Here are some operators defined in the standard library:

infixr 8 ^, `logBase`
infixl 7 *, `div`, `mod`
infixl 6 +, -
infix 4 ==, /=, >, >=, <, <=

Using functions in operator (infix) style, such as logBase will have defined associativity and precedence levels. In this case, logBase in operator mode is right-associative, having precedence level 8.

Any operator lacking a fixity declaration is assumed to be infixl 9.

Operator definition

Haskell does not have built-in operators. All operators used until now (+, *, etc.) are defined in the standard library. Haskell allows users to define custom operators, using a combination of any of the following symbols:

! # $ % & * + . / < = > ? @ \ ^ | - ~

The symbol : can also be used, but it has special meaning in various Haskell constructs, so it’s best to avoid using it as an operator.

Let’s create a custom operator *+* for the sum of squares function. To define it, we first declare its associativity and precedence, say left-associative and 6, followed by the definition:

infixl 6 *+*

a *+* b = a ^ 2 + b ^ 2

Let’s load it in the REPL, and indeed it works:

> 3 *+* 4
> 25

It can also be used in the functional style by enclosing it in parentheses:

> (*+*) 3 4
25

We could also define the operator in the prefix style:

infixl 6 *+*

(*+*) a b = a ^ 2 + b ^ 2

Operator section

In Haskell, there’s a special syntax for partially applying infix operators, called section:

> (2 /)

Here we bind the first (left) argument of the division operator with the value 2. Applying it to another number will give us:

> (2 /) 4
0.5

We can also bind the right argument, giving us a division by 2:

> (/ 2) 4
2

This is called left section and right section, respectively. To use the section, the operator and the value must be enclosed in parentheses. The only exception to this is the - operator, which will negate the number instead:

> (- 2)
-2

The $ operator

Function application in Haskell is written with a space between the function name and its arguments, e.g. f x. We can instead think a custom operator $ for function application:

f $ x = f x

Such an operator already exists in the Haskell standard library, and it is used in the following manner:

> sin $ 0
0.0

This is equivalent to calling sin 0, so why do we need another operator? It turns out the $ operator has the lowest possible precedence level (0), and it allows removing excess parentheses when using expressions with multiple functions. Suppose an expression:

> sin (pi / 2)
1.0

Without grouping pi / 2 in parentheses, Haskell would first evaluate sin pi (due to the highest precedence of function application) and then apply / 2 to the result. Using the $ operator we can lower the precedence level of function application, allowing first to calculate pi / 2 and only then apply sin to the result:

> sin $ pi / 2
1.0

Moreover, the $ operator is right-associative, which allows in most cases to remove parentheses from expressions on the right side. The following expressions are equivalent:

f (g x (h y)) == f $ g x (h y) == f $ g x $ h y

The $ operator is used pervasively in Haskell code bases due to its usefulness.

Base types

Haskell is a strong, statically-typed programming language. The term strong means that Haskell lacks implicit conversion between types, and static means that type checking is done during compilation, rather than the run time.

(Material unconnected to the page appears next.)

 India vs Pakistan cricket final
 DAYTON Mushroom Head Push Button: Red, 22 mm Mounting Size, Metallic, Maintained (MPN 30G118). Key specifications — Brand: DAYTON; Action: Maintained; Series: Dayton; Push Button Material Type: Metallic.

Haskell has strong type inference, allowing it to deduce (infer) the correct type of almost all expressions unless there’s an error in the expression, in which case Haskell will report a type-checking error.

To learn the type of any expression in Haskell there exists the command :type (:t for short). Typing it, followed by an expression:

> :type 'c'
'c' :: Char

gives us the information that 'c' is of type Char. The ::, which can be read as “has type” or “is of type”, is a typing operator, which binds the expressions (“terms”) on the left with their type on the right. In most cases, type names in Haskell start with a capital letter.

The Char type includes all symbols of the alphabet, including Unicode symbols and control symbols, such as new line:

> :type '\n'
'\n' :: Char

However, if we enter in single quotes a non-char value, GHCi will report an error:

> :type 'zz'

<interactive>:1:1: error:
• Syntax error on 'zz'
Perhaps you intended to use TemplateHaskell or TemplateHaskellQuotes
• In the Template Haskell quotation 'zz'

Another common type is Bool, which is inhabited by two values, True and False:

> :t True
True :: Bool
> :t False
False :: Bool

Numeric types

Haskell has a variety of numeric types, like Int (for 32/64 bit integers), Integer (arbitrary precision type, up to the limit of machine memory), as well as floating-point types like Float and Double.

All of these numeric types are members of the type class Num (we’ll learn more about type classes in future modules). The type class mechanism in Haskell is used to provide a common “interface” for all numeric values, for example, the ability to add numbers using the same operator +.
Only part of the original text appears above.